Include comments for any line of code if the meaning of the line will not be unambiguous to someone other than yourself.
Rewrite any code that is not clear.
Verify that missing data is handled correctly on any recode or creation of a new variable.
After creating each new variable or recoding any variable, produce frequencies or descriptive statistics of the new variable and examine them to be sure that you achieved what you intended.
When possible, automate things and avoid placing hard-wired values (those computed ‘by-hand’) in code.

Those are still very good rules, I would not change any of them. I would add one, and that is to put comments in any paper citing the piece of code that produced the figures or tables in the paper. In 20 years a lot of things have changed about how we do computing. It has gotten much easier to follow good computing practices. Github has made it easy to share code, maintain revision history, and publish code. And the set of people who seamlessly collaborate by sharing files over Dropbox or one of its competitors probably dwarfs the number of political scientists using Github. But to paraphrase a common computing aphorism (GIGO), sharing or publishing badly written code won’t make it easy for people to replicate or build on your work.

I was motivated to write that article because as I stated then, most political scientists aren’t trained as computer programmers. Nor were most political scientists trained to work in a laboratory. So the article covered both style of code, and computing practice to make sure that an entire research project could be reproduced by someone else. That means keeping track of where you got your data, how it was processed, etc.

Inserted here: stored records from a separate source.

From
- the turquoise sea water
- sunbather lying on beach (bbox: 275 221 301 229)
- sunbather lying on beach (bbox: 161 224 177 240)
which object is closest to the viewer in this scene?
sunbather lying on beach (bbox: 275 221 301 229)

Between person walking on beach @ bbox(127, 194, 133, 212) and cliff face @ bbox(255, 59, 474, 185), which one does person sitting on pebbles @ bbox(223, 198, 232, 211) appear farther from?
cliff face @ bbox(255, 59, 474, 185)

Any computer code is a set of instructions that produces results when read by a machine, and we can evaluate the code based on the results it produces. But when we share code we expect it to be read by humans. Two pieces of code be functionally equivalent — they could produce identical results when read by a machine — even though one is easy to read and understand by a human; while the other is pretty much unintelligible to a human. If you expect people to use your code, you need to make the code easy to read. I try to ask every graduate student I am going to work with to read several chapters from Brian W. Kernighan and Rob Pike’s, The Practice of Programming (1999), especially the Preface, Chapters 1, 3, 5, 6, and the Epilogue.

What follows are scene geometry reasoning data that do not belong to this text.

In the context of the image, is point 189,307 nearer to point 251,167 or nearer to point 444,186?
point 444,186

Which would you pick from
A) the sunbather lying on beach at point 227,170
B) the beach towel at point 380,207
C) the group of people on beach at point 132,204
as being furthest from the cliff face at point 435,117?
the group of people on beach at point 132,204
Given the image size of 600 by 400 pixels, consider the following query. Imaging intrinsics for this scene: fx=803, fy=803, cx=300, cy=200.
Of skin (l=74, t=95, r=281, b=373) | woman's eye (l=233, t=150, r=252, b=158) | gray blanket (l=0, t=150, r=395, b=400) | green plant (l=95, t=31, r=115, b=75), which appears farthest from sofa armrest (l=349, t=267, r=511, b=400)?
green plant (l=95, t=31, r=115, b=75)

It has turned out to be easier to write clean code than to maintain good computing practices overall that would lead to easy reproducibility of an entire research project. It is fairly easy to post a ‘replication’ dataset, and the code used to produce the figures and tables in a paper. But that doesn’t really tell someone everything they need to know to try to reproduce your work, or extend it to other data. They need to know how your data was generated. And those steps occur in the production of the replication dataset, not in the use of it.

Most research projects in political science pull in data from many sources. And many, many coding decisions are made along the way to a finished product. All of those decisions may be visible in the code; but keeping coherent lab-books is essential for sifting through all the lines of code of any large project. And ‘projects’ rarely stand-alone anymore. Work on one dataset is linked to many projects, often with over-lapping sets of co-authors.

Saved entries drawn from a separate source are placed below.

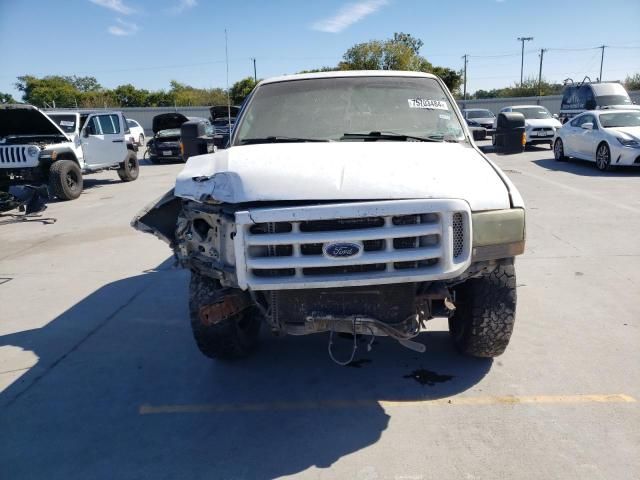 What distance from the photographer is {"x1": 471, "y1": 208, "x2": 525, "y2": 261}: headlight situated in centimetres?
276

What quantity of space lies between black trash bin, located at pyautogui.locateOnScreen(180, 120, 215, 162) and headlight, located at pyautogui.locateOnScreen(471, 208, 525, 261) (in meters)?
2.66

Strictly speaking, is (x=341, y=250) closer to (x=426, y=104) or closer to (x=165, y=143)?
(x=426, y=104)

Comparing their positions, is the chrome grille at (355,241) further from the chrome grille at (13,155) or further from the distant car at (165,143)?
the distant car at (165,143)

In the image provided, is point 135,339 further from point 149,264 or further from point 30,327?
point 149,264

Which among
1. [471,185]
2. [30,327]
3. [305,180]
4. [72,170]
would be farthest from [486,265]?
[72,170]

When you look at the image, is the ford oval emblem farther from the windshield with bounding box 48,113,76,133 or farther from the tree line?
the tree line

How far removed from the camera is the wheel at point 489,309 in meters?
3.25

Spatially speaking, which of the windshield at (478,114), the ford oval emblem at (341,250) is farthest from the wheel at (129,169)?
the windshield at (478,114)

At the beginning of a research project it’s important for everyone to agree where the code is, where the data is, and what the overall structure of the documentation is. That means decisions about whether documentation is grouped by project (which could mean by individual paper), or by dataset. And it means reaching some agreement on whether there is a master document that points to many smaller documents describing individual tasks, or whether the whole project description sits in a single document. None of this is exciting to work out, certainly not as exciting as doing the research. But it is essential. A good goal of doing all this is to make it as easy as possible to make the whole bundle of documentation and code public as soon as it is time to do so. It both saves time when it is time to release documentation, and imposes some good habits and structure along the way.

Heading image: Typing computer screen reflection by Almonroth. CC BY-SA 3.0 via Wikimedia Commons.

The post Jonathan Nagler: writing good code appeared first on OUPblog.

Replication redux, by Nathaniel Beck

When I last wrote about replication for the OUPblog in August (“Research Replication in Social Science”), there was one smallish open question (about my own work) and one biggish question (on whether I would ever see the Kramer et al., “Experimental evidence of massive-scale emotional contagion through social networks”, replication file, which was “in the mail”). The Facebook story is interesting, so I start with that.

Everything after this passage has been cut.